Crispin Hughes captures the unseen world between the tides– an empty, wild place in the heart of London. The 18 pictures, each over two metres wide and taking in 360º, capture the play of shadow and light, the massive drowned structures revealed by the ebbing tide and a sense of expectation and foreboding that the river carries with it.
I prefer this photograph out of the Unquiet Thames exhibition,due to it being minimal and not messy. I also like this photo due to the two spots of light at either end of the tunnel. I think having a spot of light, the pole and then another spot of light,makes the photo more interesting. By having each side almost look identical it gives it a sense of symmetry. By having it look like it is symmetrical it starts to make you question whether it is or not, and how they have created this photo. However by having slight changes on each side of the photo it makes a huge difference once you look closer.
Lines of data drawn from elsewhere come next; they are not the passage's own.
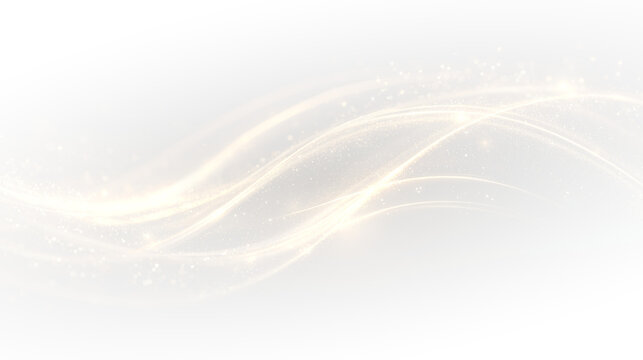Golden flowing wavy light lines with sparkling energy motion abstract luxury background illustration.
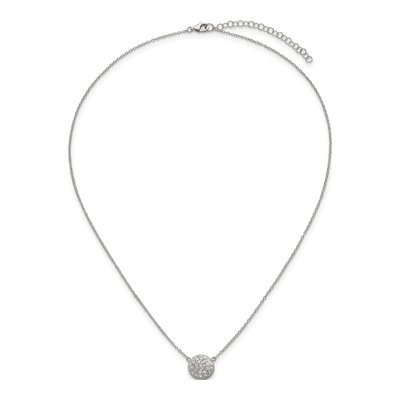 Sterling Silver CZ Pave Circle Pendant Necklace – view 5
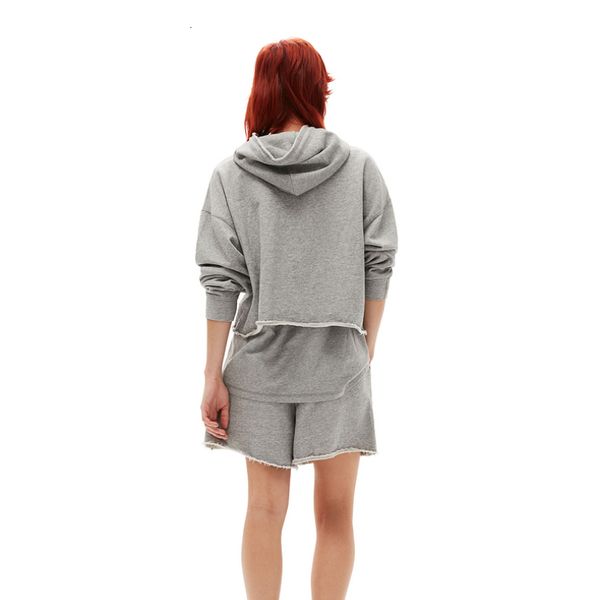 Sweats à capuche pour femmes 2023 printemps été femmes à capuche recadrée couleur unie papillon sweat à lacets shorts 230731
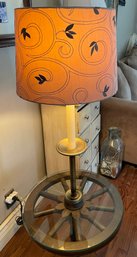 Tall Vintage Wagon Wheel Floor Lamp W/ Glass Table Combo - 18' Round Table - 53' Tall Lamp- Works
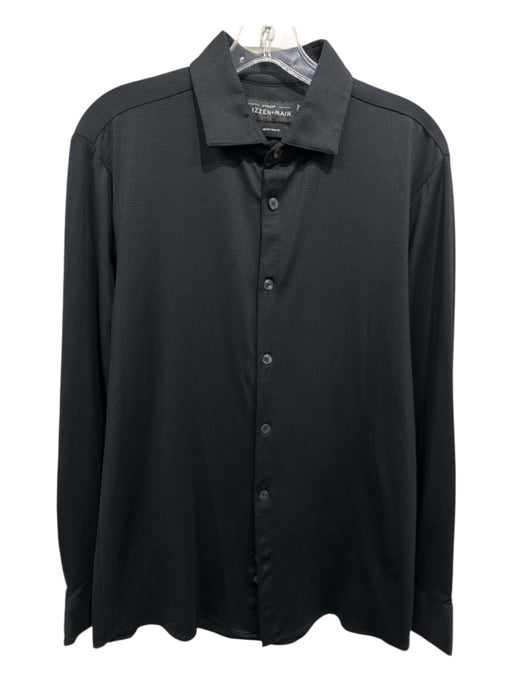 Mizzen + Main Size Est L Black Polyester Button Down Men's Long Sleeve Shirt Black / Est L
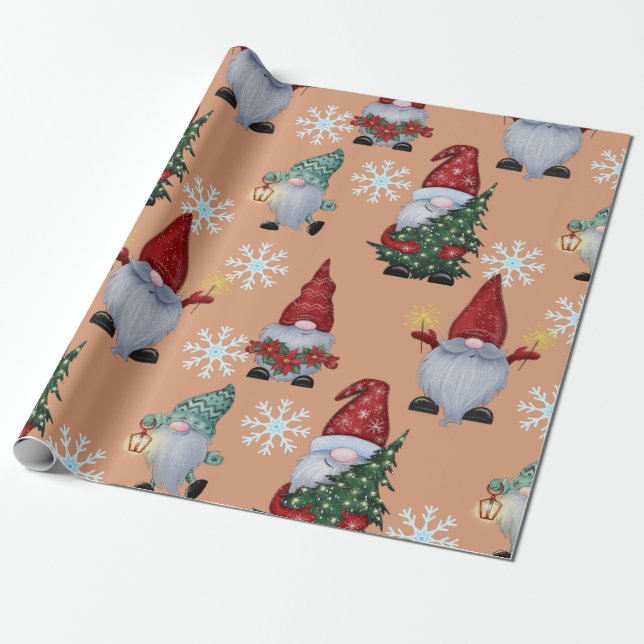 Christmas Snow Gnomes  Wrapping Paper (Unrolled)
I also quite like this photo. It is also from the same exhibition Unquiet Thames,I like this one due to be it being minimalistic like the first. Minimalistic works best with the shoots he takes as if it was full of things I don’t think the photo would have much purpose and it would take away his main focus, which is the Thames.
In both these photos I have chosen I feel like he didn’t need to do much editing to them as both of the photos have two beams of light coming from either side of the shot. The grunge look he has portrayed makes the water look really muddy and unappealing.